• [Task inputs]
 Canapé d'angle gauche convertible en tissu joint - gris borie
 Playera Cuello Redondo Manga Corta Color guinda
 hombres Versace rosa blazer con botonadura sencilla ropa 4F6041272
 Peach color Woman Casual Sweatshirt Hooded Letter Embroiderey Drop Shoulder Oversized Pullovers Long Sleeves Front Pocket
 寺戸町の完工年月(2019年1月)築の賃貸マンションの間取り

• [What needs to be done]
Return word for word the line with "hombres Versace rosa" and every line after it through the end of the records above.

• [Solution for this problem]
 hombres Versace rosa blazer con botonadura sencilla ropa 4F6041272
 Peach color Woman Casual Sweatshirt Hooded Letter Embroiderey Drop Shoulder Oversized Pullovers Long Sleeves Front Pocket
 寺戸町の完工年月(2019年1月)築の賃貸マンションの間取り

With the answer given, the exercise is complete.